All rehabs are not the same. There are hospital rehabs, which the patient will receive hospital care along with therapy. There are specialty rehab centers that deal with cases like GBS. There are also nursing home rehab centers. Before therapy can begin the person with GBS will need to be evaluated by physical therapy and occupational therapy because every person with GBS is different. Things to expect during an evaluation are: sensory assessment, inspection of the skin for sores or breakdown, range of motion, muscle strength, daily tasks, and mobility.

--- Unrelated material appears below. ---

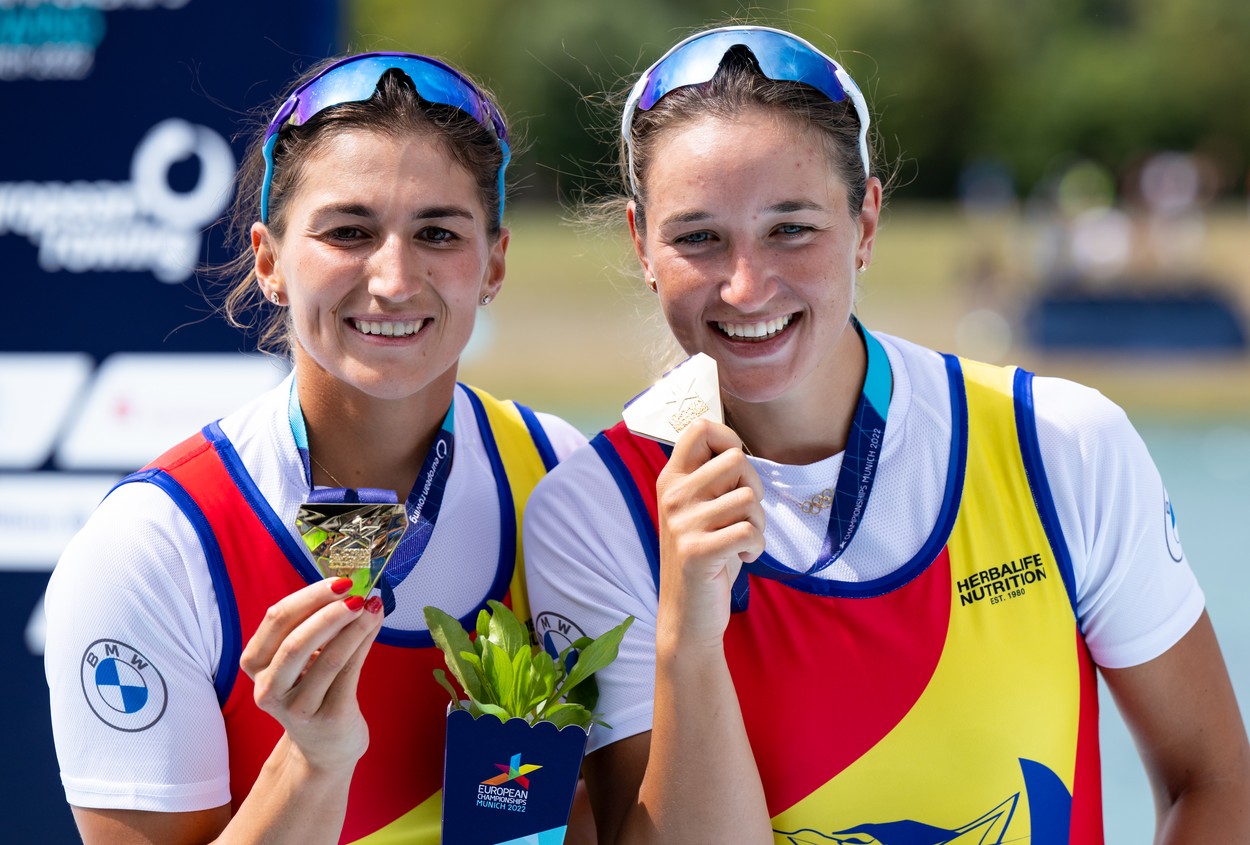 Simona Radiș și Ancuța Bodnar, aur la Campionatul European de Canotaj după o cursă fabuloasă! Româncele au fost conduse 1.500 de metri, dar au recuperat fantastic! România a dominat și proba de 8+1 feminin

During the acute stage, active movement may not be tolerated by the body, and passive range-of-motion therapy techniques should be used. During recovery therapy can go from passive to active-assisted range-of-motion, but usually require breaks. As the recovery continues the therapy exercises change to fit the person's needs. Daily care and activities are also added as certain parts of the body regain movement.

Do not exercise to fatigue, but move and exercise as soon as you can to avoid atrophy and other problems that can occur.

"No pain, no gain" does not work for GBS, and will do the opposite of helping the patient get better faster, and will hold them back from recovery.

Every person is different, and what works for one person may not work for the next person, so new or different ways may need to be thought of. Do not push yourself to exhaustion, or let the therapist push you too far. Only you know your limits. If you need someone to help you speak up find someone who will do it for you, or contact us and we can find an advocate for you.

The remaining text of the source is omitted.